::: Dataset
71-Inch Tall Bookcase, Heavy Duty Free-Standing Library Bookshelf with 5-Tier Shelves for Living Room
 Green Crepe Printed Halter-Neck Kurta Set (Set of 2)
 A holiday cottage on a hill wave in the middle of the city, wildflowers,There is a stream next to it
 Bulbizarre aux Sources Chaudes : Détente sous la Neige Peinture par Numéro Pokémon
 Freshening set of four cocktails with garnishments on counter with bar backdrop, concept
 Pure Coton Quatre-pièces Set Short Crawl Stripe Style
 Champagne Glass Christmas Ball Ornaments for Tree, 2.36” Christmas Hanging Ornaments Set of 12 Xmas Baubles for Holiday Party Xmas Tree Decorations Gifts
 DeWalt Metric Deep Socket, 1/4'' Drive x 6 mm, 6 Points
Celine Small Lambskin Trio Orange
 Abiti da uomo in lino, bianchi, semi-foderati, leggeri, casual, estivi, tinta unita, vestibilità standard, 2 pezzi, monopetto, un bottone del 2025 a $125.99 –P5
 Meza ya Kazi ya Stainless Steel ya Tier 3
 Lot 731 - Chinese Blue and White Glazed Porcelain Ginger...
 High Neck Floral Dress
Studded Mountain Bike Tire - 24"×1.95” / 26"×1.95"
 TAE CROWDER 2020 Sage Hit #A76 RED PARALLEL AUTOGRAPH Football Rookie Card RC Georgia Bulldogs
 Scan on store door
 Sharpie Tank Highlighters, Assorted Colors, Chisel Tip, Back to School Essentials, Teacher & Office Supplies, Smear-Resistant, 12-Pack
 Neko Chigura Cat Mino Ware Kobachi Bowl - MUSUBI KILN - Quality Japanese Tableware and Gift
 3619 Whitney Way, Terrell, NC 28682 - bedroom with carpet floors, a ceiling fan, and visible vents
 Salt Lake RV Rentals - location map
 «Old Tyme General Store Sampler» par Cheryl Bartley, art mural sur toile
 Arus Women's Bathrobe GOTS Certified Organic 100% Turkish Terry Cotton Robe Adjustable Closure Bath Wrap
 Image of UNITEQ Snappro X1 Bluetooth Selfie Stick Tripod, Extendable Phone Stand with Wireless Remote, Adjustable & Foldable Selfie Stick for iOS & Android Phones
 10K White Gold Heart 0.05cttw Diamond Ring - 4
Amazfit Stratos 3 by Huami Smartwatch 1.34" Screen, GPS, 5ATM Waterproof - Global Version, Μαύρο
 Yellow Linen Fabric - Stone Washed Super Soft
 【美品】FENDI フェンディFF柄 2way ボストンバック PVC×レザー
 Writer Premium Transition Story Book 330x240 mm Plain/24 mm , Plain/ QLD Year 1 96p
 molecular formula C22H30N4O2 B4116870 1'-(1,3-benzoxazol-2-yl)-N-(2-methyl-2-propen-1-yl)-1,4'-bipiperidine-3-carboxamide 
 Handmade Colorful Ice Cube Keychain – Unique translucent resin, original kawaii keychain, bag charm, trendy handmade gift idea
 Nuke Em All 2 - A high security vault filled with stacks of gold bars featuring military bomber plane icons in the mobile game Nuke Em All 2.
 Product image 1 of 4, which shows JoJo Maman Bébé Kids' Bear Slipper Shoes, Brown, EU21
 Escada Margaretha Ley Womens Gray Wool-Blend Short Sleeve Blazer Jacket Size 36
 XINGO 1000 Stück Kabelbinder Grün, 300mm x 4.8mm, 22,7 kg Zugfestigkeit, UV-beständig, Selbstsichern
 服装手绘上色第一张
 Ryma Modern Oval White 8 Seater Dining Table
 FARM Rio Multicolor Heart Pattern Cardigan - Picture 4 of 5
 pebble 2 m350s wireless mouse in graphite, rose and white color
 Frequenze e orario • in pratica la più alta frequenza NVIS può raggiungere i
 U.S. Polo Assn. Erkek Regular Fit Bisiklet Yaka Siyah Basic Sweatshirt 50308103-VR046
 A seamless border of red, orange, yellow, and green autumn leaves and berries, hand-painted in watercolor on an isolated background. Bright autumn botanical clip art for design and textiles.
::::::
Each entry given above is to be duplicated exactly.

Solution to the exercise —
71-Inch Tall Bookcase, Heavy Duty Free-Standing Library Bookshelf with 5-Tier Shelves for Living Room
 Green Crepe Printed Halter-Neck Kurta Set (Set of 2)
 A holiday cottage on a hill wave in the middle of the city, wildflowers,There is a stream next to it
 Bulbizarre aux Sources Chaudes : Détente sous la Neige Peinture par Numéro Pokémon
 Freshening set of four cocktails with garnishments on counter with bar backdrop, concept
 Pure Coton Quatre-pièces Set Short Crawl Stripe Style
 Champagne Glass Christmas Ball Ornaments for Tree, 2.36” Christmas Hanging Ornaments Set of 12 Xmas Baubles for Holiday Party Xmas Tree Decorations Gifts
 DeWalt Metric Deep Socket, 1/4'' Drive x 6 mm, 6 Points
Celine Small Lambskin Trio Orange
 Abiti da uomo in lino, bianchi, semi-foderati, leggeri, casual, estivi, tinta unita, vestibilità standard, 2 pezzi, monopetto, un bottone del 2025 a $125.99 –P5
 Meza ya Kazi ya Stainless Steel ya Tier 3
 Lot 731 - Chinese Blue and White Glazed Porcelain Ginger...
 High Neck Floral Dress
Studded Mountain Bike Tire - 24"×1.95” / 26"×1.95"
 TAE CROWDER 2020 Sage Hit #A76 RED PARALLEL AUTOGRAPH Football Rookie Card RC Georgia Bulldogs
 Scan on store door
 Sharpie Tank Highlighters, Assorted Colors, Chisel Tip, Back to School Essentials, Teacher & Office Supplies, Smear-Resistant, 12-Pack
 Neko Chigura Cat Mino Ware Kobachi Bowl - MUSUBI KILN - Quality Japanese Tableware and Gift
 3619 Whitney Way, Terrell, NC 28682 - bedroom with carpet floors, a ceiling fan, and visible vents
 Salt Lake RV Rentals - location map
 «Old Tyme General Store Sampler» par Cheryl Bartley, art mural sur toile
 Arus Women's Bathrobe GOTS Certified Organic 100% Turkish Terry Cotton Robe Adjustable Closure Bath Wrap
 Image of UNITEQ Snappro X1 Bluetooth Selfie Stick Tripod, Extendable Phone Stand with Wireless Remote, Adjustable & Foldable Selfie Stick for iOS & Android Phones
 10K White Gold Heart 0.05cttw Diamond Ring - 4
Amazfit Stratos 3 by Huami Smartwatch 1.34" Screen, GPS, 5ATM Waterproof - Global Version, Μαύρο
 Yellow Linen Fabric - Stone Washed Super Soft
 【美品】FENDI フェンディFF柄 2way ボストンバック PVC×レザー
 Writer Premium Transition Story Book 330x240 mm Plain/24 mm , Plain/ QLD Year 1 96p
 molecular formula C22H30N4O2 B4116870 1'-(1,3-benzoxazol-2-yl)-N-(2-methyl-2-propen-1-yl)-1,4'-bipiperidine-3-carboxamide 
 Handmade Colorful Ice Cube Keychain – Unique translucent resin, original kawaii keychain, bag charm, trendy handmade gift idea
 Nuke Em All 2 - A high security vault filled with stacks of gold bars featuring military bomber plane icons in the mobile game Nuke Em All 2.
 Product image 1 of 4, which shows JoJo Maman Bébé Kids' Bear Slipper Shoes, Brown, EU21
 Escada Margaretha Ley Womens Gray Wool-Blend Short Sleeve Blazer Jacket Size 36
 XINGO 1000 Stück Kabelbinder Grün, 300mm x 4.8mm, 22,7 kg Zugfestigkeit, UV-beständig, Selbstsichern
 服装手绘上色第一张
 Ryma Modern Oval White 8 Seater Dining Table
 FARM Rio Multicolor Heart Pattern Cardigan - Picture 4 of 5
 pebble 2 m350s wireless mouse in graphite, rose and white color
 Frequenze e orario • in pratica la più alta frequenza NVIS può raggiungere i
 U.S. Polo Assn. Erkek Regular Fit Bisiklet Yaka Siyah Basic Sweatshirt 50308103-VR046
 A seamless border of red, orange, yellow, and green autumn leaves and berries, hand-painted in watercolor on an isolated background. Bright autumn botanical clip art for design and textiles.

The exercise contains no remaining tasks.